Personal information
- Full name: Martyn James Booty
- Date of birth: 30 May 1971 (age 55)
- Place of birth: Kirby Muxloe, England
- Position: Defender

Youth career
- Coventry City

Senior career*
- Years: Team / Apps / (Gls)
- 1989–1993: Coventry City / 5 / (0)
- 1993–1996: Crewe Alexandra / 96 / (5)
- 1996–1999: Reading / 64 / (1)
- 1999: → Southend United (loan) / 6 / (0)
- 1999–2001: Southend United / 74 / (0)
- 2001–2003: Chesterfield / 77 / (2)
- 2003–2004: Huddersfield Town / 4 / (0)
- 2008: Curzon Ashton / 3 / (0)
- 2008: Salford City / 3 / (0)
- 2008–2009: Buxton / 3 / (0)

Managerial career
- 2007: Huddersfield Town (joint-caretaker manager)
- 2009–2011: Curzon Ashton (assistant manager)
- 2011–2012: Hyde United (assistant manager)
- 2015–2016: Hyde United (assistant manager)

= Martyn Booty =

English footballer (born 1971)

Martyn James Booty (born 30 May 1971) is an English former professional footballer who played as a defender. He made more than 300 appearances in the Football League for Coventry City, Crewe Alexandra, Reading, Southend United, Chesterfield and Huddersfield Town. He had two spells as Assistant Manager of Hyde United F.C.
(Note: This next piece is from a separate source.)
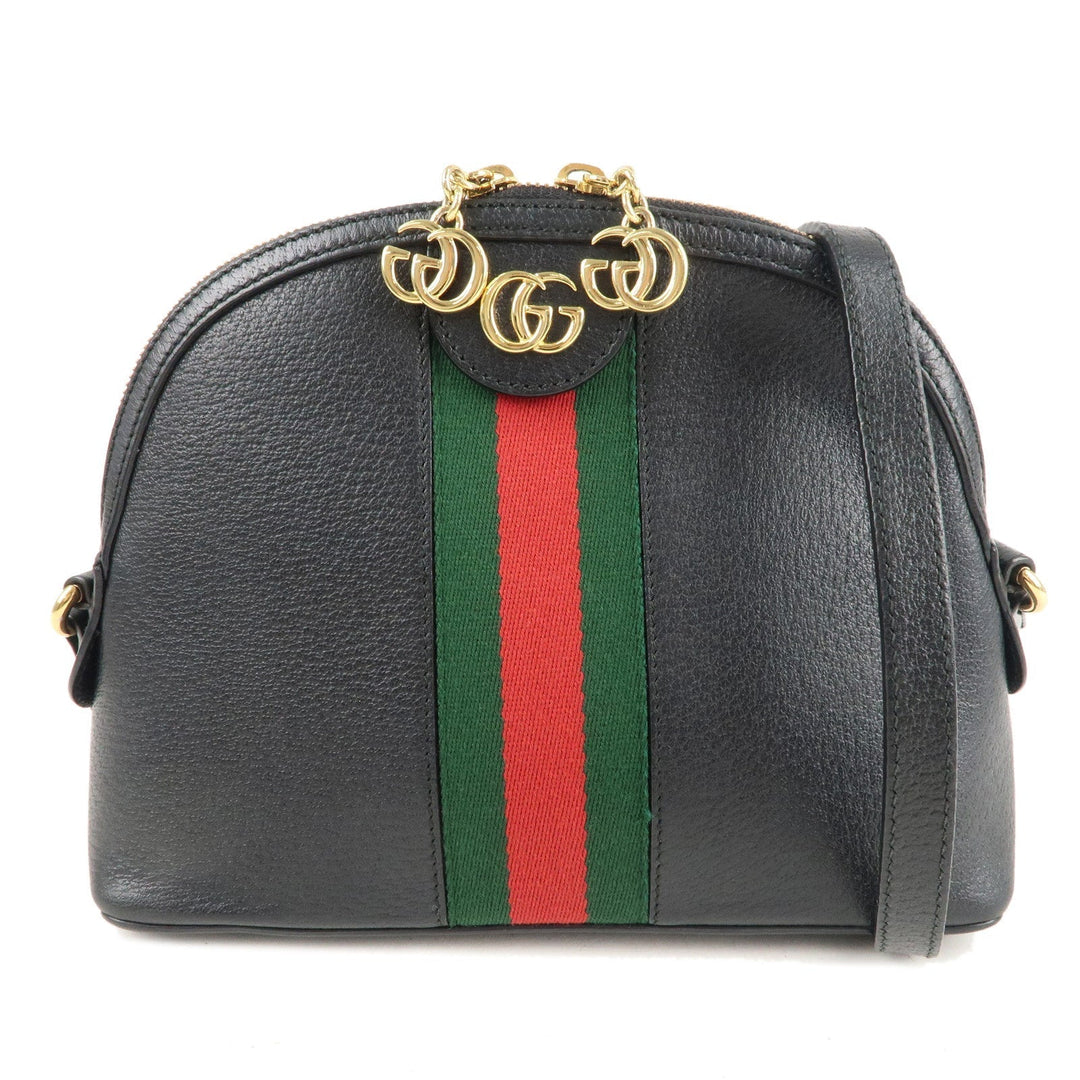 GUCCI Sherry Ophidia Leather Shoulder Bag Black 499621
His son Regan plays for Borehamwood F.C.

==Career==

===Early career===
Born in Kirby Muxloe, Leicestershire, but grew up in Anstey with his parents Nell and John, and brother Michael. He started his football career as a trainee at Coventry City, but struggled to break into the first team.

===The Football League===
After leaving Highfield Road, he moved to Crewe Alexandra, Reading, Southend United and Chesterfield. In 2003, Peter Jackson, who had just been re-appointed manager of Huddersfield Town, brought Booty in to help with the club's revitalisation following two relegations in three seasons, but he picked up an injury and only played four games during that season. At the end of the season, Jackson appointed Booty to the coaching staff, a role which he held until May 2008.

===Non-league===
At the beginning of the 2008–09 season, he joined Northern Premier League side Curzon Ashton as a player, moving on first to Salford City and then Buxton. Before the 2009–10 season, Booty rejoined Curzon Ashton as assistant manager.

In May 2011, Booty followed Gary Lowe to Hyde, where he became Lowe's assistant manager, signing a one-year contract at the club.